[Records to use Boundary: Start]

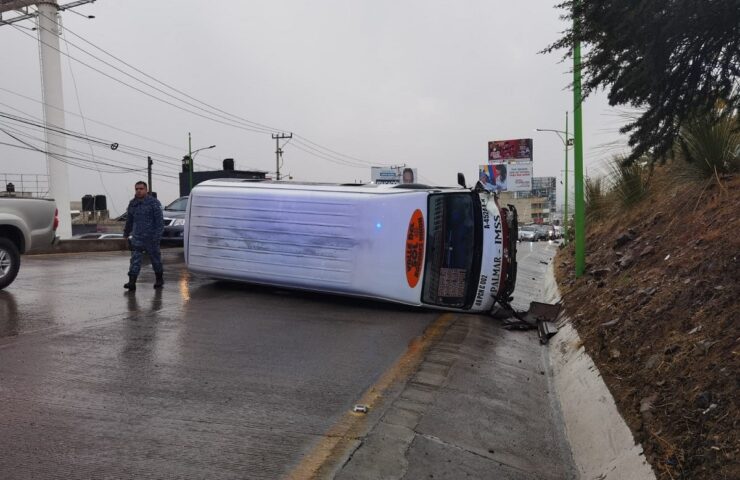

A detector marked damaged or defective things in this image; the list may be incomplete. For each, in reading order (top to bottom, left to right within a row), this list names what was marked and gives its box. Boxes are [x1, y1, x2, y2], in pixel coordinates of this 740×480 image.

overturned white van [184, 178, 516, 314]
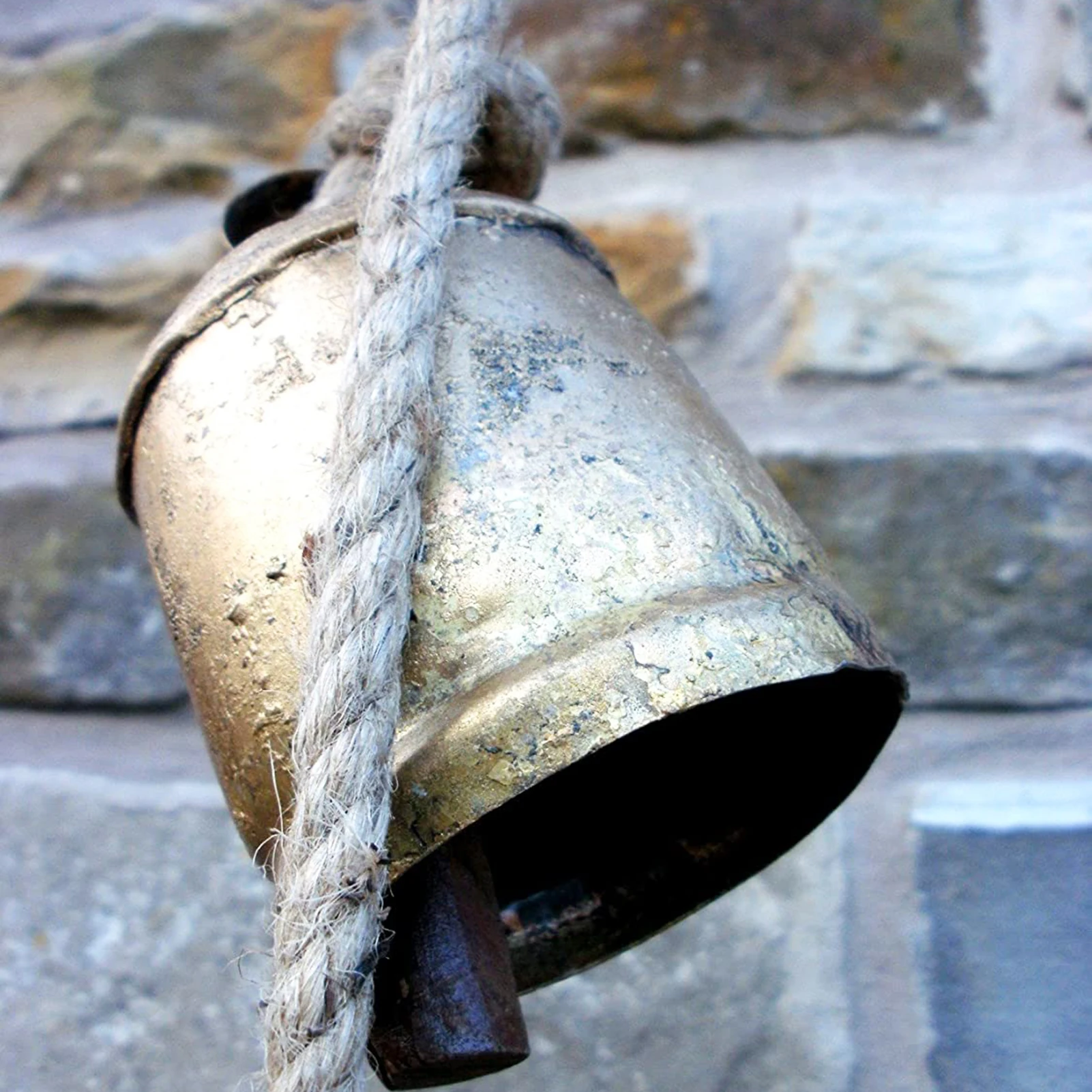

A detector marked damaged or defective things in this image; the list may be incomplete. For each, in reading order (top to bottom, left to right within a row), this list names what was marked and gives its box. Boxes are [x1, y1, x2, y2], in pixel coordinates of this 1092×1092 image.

rusty clapper [115, 175, 909, 1087]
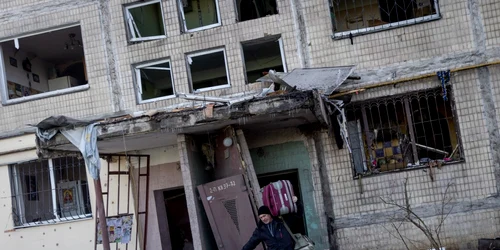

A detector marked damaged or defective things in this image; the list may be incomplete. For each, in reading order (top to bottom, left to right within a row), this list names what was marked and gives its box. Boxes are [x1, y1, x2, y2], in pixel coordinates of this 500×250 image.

broken window [124, 0, 166, 42]
broken window [178, 0, 221, 31]
broken window [236, 0, 280, 21]
broken window [330, 0, 440, 37]
broken window [0, 25, 88, 103]
broken window [134, 59, 175, 103]
broken window [187, 47, 229, 92]
broken window [241, 35, 286, 83]
broken window [346, 87, 462, 175]
broken window [9, 156, 92, 227]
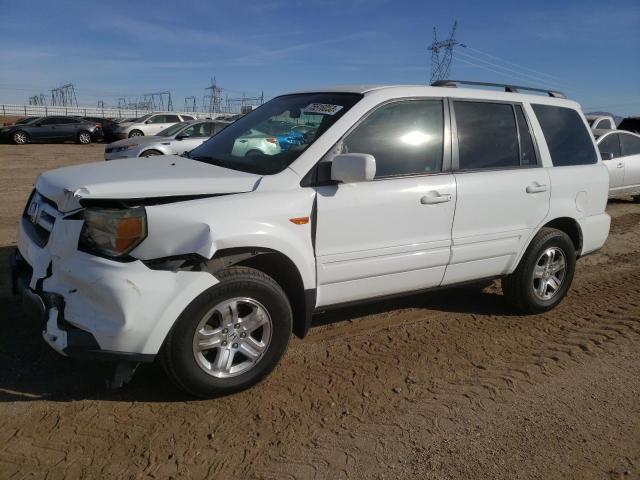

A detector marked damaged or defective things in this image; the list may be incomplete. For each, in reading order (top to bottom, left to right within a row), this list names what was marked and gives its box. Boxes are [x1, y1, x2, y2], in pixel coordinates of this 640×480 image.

dented hood [36, 156, 262, 212]
damaged front bumper [13, 204, 219, 362]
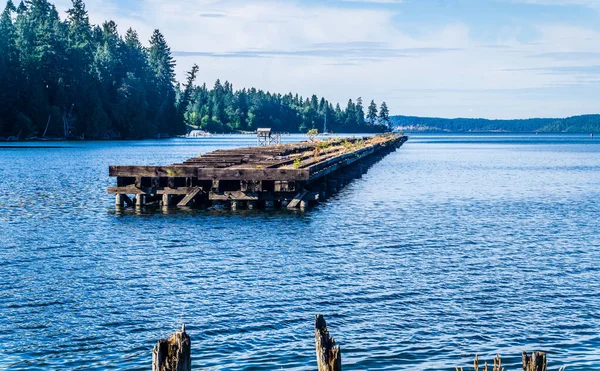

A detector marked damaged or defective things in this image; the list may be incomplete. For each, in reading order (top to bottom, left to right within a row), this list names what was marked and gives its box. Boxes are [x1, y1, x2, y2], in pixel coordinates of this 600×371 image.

broken piling stump [151, 326, 191, 371]
broken piling stump [316, 316, 340, 371]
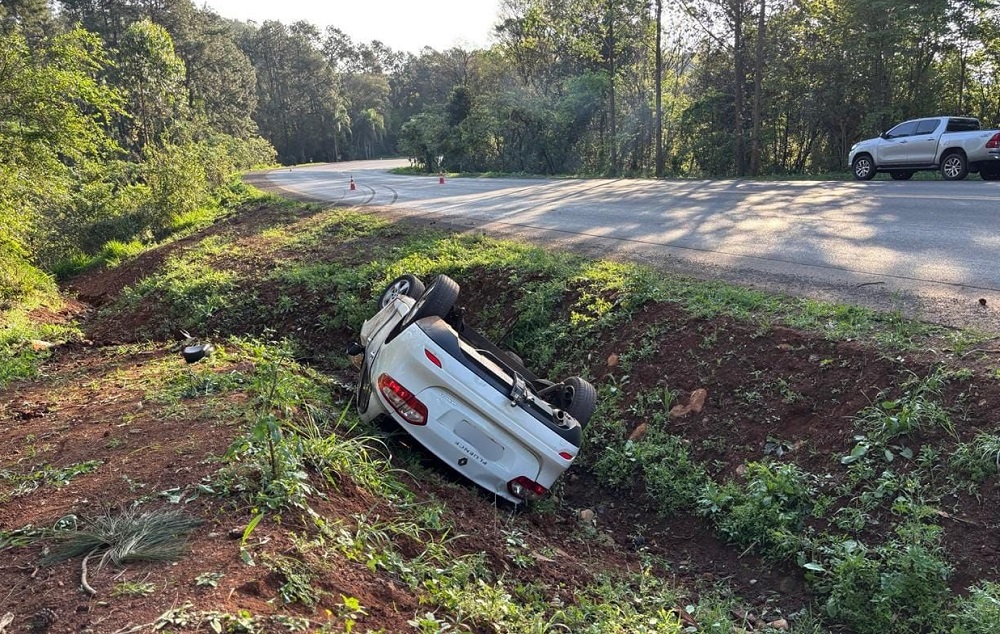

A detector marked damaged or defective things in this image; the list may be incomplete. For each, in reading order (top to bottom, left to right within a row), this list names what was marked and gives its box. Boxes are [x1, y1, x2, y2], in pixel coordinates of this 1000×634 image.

overturned white car [356, 272, 596, 504]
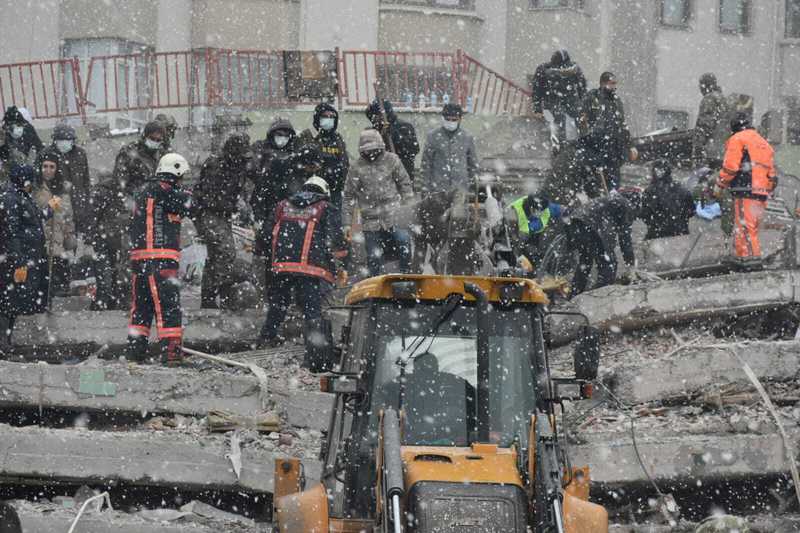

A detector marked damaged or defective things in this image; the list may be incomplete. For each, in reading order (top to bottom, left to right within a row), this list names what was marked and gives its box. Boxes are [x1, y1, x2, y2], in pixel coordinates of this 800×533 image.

broken concrete slab [10, 308, 262, 350]
broken concrete slab [564, 268, 800, 334]
broken concrete slab [604, 340, 800, 404]
broken concrete slab [0, 422, 322, 492]
broken concrete slab [572, 428, 796, 486]
broken concrete slab [3, 498, 255, 532]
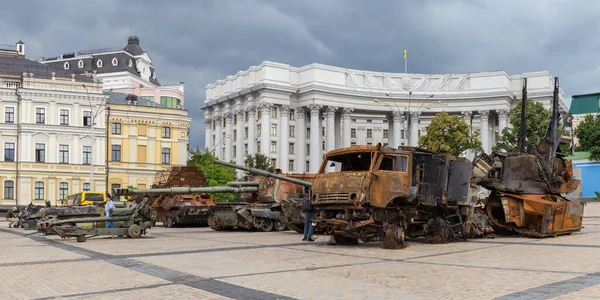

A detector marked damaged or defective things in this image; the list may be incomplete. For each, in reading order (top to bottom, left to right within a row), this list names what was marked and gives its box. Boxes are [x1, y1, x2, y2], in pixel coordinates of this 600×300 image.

destroyed military truck [125, 166, 219, 227]
destroyed military truck [210, 161, 316, 233]
rusted vehicle hood [312, 172, 368, 196]
rusted truck cab [310, 144, 474, 247]
destroyed military truck [312, 143, 486, 248]
burnt truck chassis [312, 145, 490, 248]
destroyed military truck [476, 77, 584, 237]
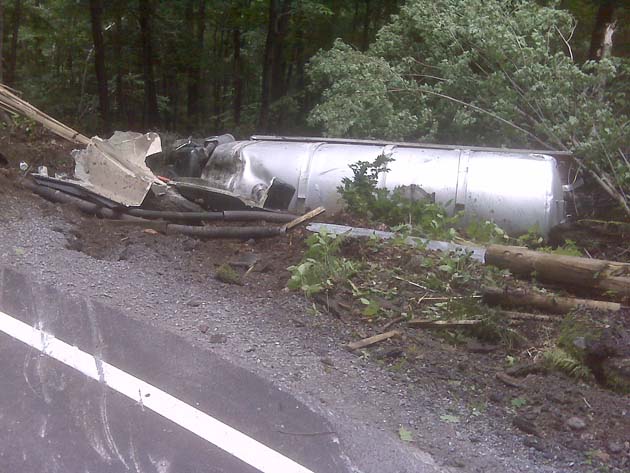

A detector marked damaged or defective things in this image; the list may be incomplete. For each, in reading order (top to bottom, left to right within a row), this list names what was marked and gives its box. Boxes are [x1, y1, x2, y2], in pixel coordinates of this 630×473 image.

torn metal panel [70, 130, 164, 206]
overturned tanker truck [165, 134, 572, 236]
torn metal panel [207, 139, 568, 236]
torn metal panel [308, 221, 486, 262]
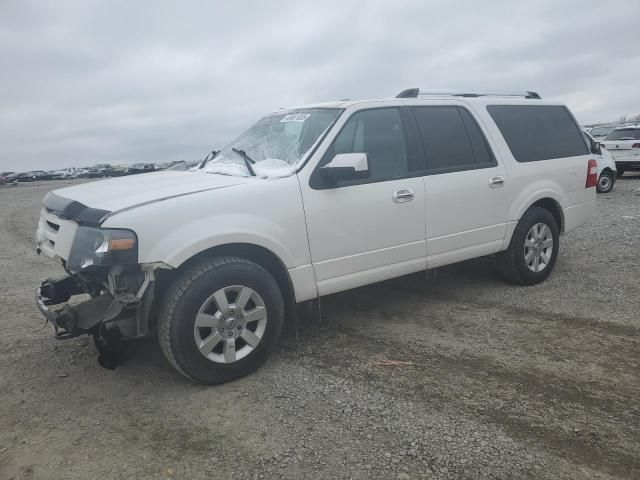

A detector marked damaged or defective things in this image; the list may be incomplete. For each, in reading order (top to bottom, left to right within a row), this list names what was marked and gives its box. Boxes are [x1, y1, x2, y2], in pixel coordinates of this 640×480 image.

broken headlight [67, 227, 138, 272]
damaged front bumper [35, 268, 156, 370]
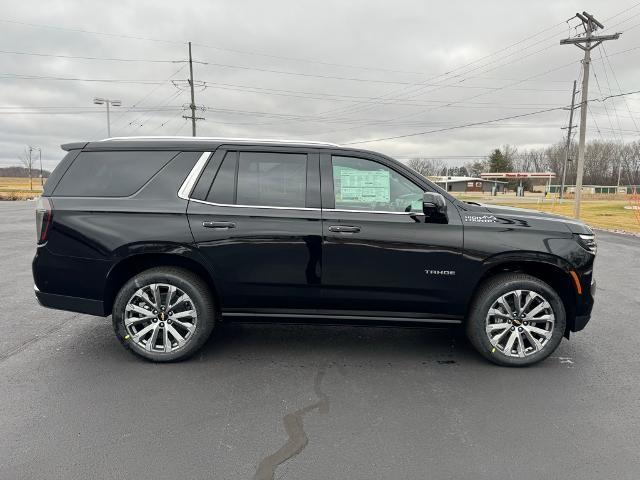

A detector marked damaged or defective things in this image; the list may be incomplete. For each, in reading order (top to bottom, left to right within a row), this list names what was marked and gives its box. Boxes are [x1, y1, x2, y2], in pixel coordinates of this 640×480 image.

crack in pavement [251, 366, 328, 478]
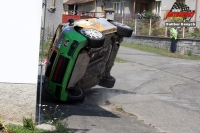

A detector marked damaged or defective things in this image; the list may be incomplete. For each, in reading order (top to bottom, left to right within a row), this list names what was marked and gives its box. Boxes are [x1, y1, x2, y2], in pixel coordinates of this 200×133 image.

overturned rally car [43, 17, 133, 102]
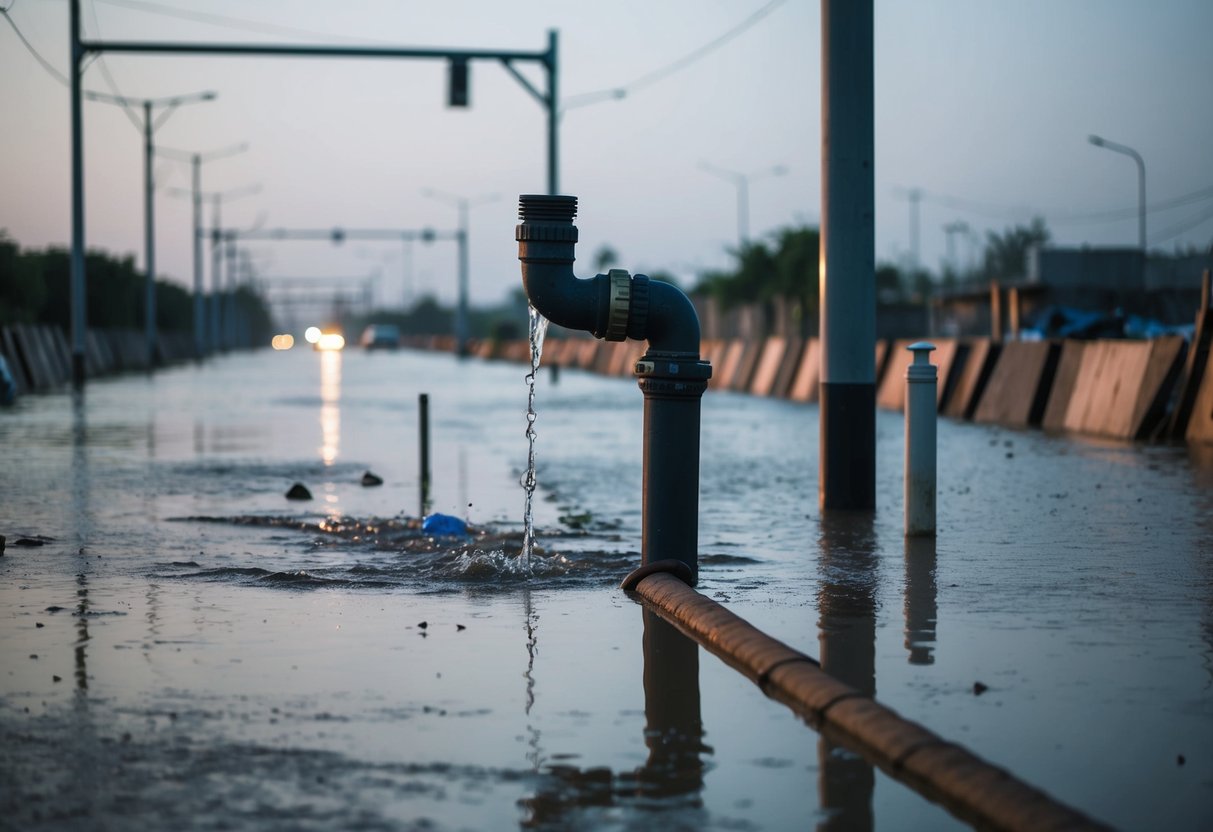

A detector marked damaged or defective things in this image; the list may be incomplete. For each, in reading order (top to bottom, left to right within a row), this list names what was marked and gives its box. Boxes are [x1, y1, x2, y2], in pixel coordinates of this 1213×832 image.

rusty pipe on ground [514, 197, 708, 579]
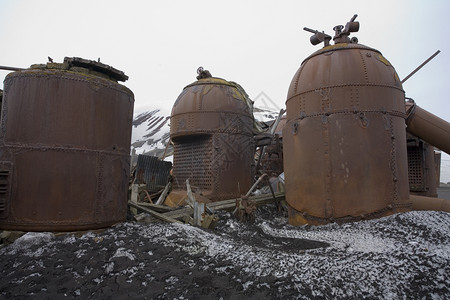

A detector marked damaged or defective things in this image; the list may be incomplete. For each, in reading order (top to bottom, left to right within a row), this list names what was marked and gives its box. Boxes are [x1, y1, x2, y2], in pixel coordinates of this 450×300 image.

[Records to use Boundary: End]

Aim of the exercise: Working from the line that contains "this 1213×832 image." to the last line of the listing, please quote each line exactly, pictures excluded.

Reply to the exercise:
A detector marked damaged or defective things in this image; the list may be incomplete. For each, in reading order (top to bottom, left to right within a row), this list names what was marked and gives its box. Boxes are [x1, y1, x2, y2], in pixel coordinates of this 1213×832 image.

rusty pipe on ground [514, 197, 708, 579]

A detector marked damaged or defective things in this image; the list may be incomplete. For each, in reading order (top to bottom, left to right within a row), this list names what was marked and gives its box. Boxes are [x1, y1, x2, y2], in pixel coordinates of this 450×300 image.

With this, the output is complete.